═══ TASK INPUT

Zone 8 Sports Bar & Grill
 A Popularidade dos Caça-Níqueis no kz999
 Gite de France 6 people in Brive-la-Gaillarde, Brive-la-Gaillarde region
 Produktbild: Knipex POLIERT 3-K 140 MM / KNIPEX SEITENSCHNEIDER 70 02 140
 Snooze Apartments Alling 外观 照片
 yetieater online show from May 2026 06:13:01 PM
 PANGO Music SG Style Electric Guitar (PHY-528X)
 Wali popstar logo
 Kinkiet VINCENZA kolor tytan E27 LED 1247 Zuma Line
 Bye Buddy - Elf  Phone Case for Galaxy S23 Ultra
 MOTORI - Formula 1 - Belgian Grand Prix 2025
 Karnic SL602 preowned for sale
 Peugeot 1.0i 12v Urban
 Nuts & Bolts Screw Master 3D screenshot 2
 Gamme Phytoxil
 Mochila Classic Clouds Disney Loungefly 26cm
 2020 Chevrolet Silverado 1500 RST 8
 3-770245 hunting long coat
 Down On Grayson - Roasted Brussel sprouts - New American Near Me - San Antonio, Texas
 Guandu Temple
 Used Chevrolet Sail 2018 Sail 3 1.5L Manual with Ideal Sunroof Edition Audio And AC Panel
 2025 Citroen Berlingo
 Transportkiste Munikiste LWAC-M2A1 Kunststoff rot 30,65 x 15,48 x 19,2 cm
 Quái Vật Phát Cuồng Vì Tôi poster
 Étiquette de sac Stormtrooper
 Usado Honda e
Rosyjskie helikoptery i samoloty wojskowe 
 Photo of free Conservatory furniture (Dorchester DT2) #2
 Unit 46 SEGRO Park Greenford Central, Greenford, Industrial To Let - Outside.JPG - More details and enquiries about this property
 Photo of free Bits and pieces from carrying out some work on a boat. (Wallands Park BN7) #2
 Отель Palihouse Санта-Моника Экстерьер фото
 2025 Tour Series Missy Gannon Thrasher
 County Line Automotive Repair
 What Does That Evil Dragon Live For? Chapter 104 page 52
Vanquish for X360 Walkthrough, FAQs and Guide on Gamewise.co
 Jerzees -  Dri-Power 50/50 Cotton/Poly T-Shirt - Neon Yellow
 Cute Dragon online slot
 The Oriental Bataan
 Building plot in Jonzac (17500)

══════

In the material above, transcribe exactly the lines beginning at the one with "2020 Chevrolet Silverado 1500 RST 8" and ending at the one with "Unit 46 SEGRO", both included.

 2020 Chevrolet Silverado 1500 RST 8
 3-770245 hunting long coat
 Down On Grayson - Roasted Brussel sprouts - New American Near Me - San Antonio, Texas
 Guandu Temple
 Used Chevrolet Sail 2018 Sail 3 1.5L Manual with Ideal Sunroof Edition Audio And AC Panel
 2025 Citroen Berlingo
 Transportkiste Munikiste LWAC-M2A1 Kunststoff rot 30,65 x 15,48 x 19,2 cm
 Quái Vật Phát Cuồng Vì Tôi poster
 Étiquette de sac Stormtrooper
 Usado Honda e
Rosyjskie helikoptery i samoloty wojskowe 
 Photo of free Conservatory furniture (Dorchester DT2) #2
 Unit 46 SEGRO Park Greenford Central, Greenford, Industrial To Let - Outside.JPG - More details and enquiries about this property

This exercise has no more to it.